One of my favorite producer visits to make each year is with Patrick Baudouin. He is something out of a JRR Tolkien book, perhaps an aspiring wizard (which he may already be) or a guru of sorts, who is not short on opinion when it comes to the winemaking practices of other estates when driving around to visit his.
His vineyards are certified, but well beyond the typical organic practice. Once you set foot in his vineyards, it is hard to keep up with him as he starts a fast paced walk up and down, row after row, taking note of their progress. He is a man at one with his vines and it shows in the delicate nature of his wines.

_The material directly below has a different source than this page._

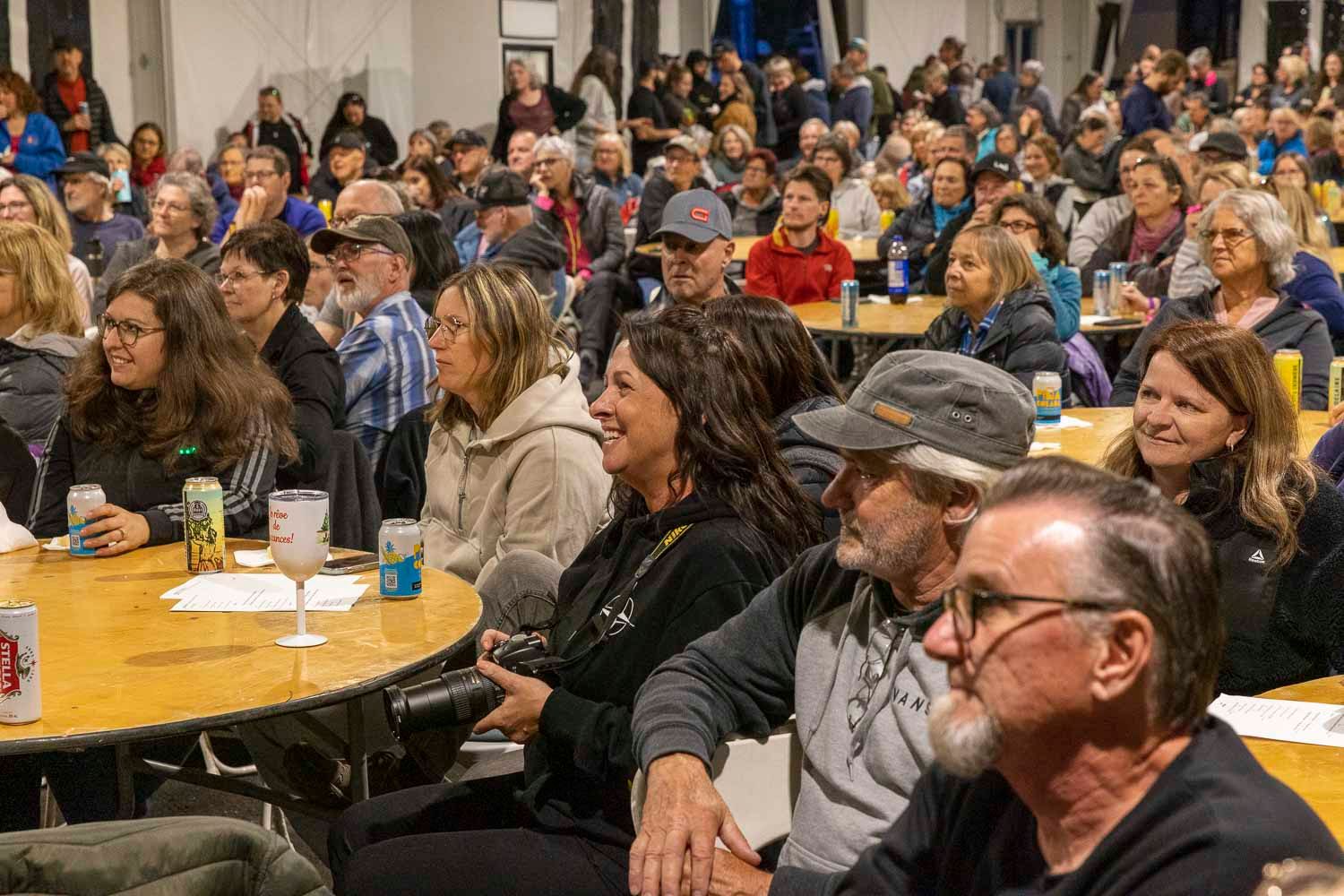 Large crowd of adults seated at round tables during an indoor community event or meeting.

Patrick’s wines are somewhat magical in expression. His whites, made exclusively from Chenin Blanc, reveal layer after layer of savory notes of fruits, dried herbs and grasses, acacia honey, and spices, all woven together on an ethereal wavelength. He is a musician turned maestro, conducting his vines to deliver soft, beautiful and tranquil music.
Patrick Baudouin’s 13.5 hectares of vineyards are located in Anjou and the Coteaux du Layon, which are situated on the great terroirs of the Anjou Noir. Patrick explained that the Anjou Noir is named after the dark-colored ancient rocks of the Massif Armoricain. This Massif was formerly a range of mountains that were once as high as the Alps but over the last 400 million years have eroded down to rolling hills of ancient metamorphic and volcanic rock that rise just over 400 meters above the sea. Today, the region is protected by a ridge to the southwest which rises to 200 meters and keeps the rainfall here in the lowest of all of the Loire Valley. However, because the area lies between the Layon and the Loire River, the humidity remains high and conditions for botrytis are ideal, creating what we know as the signature style off-dry white wine made from Chenin Blanc.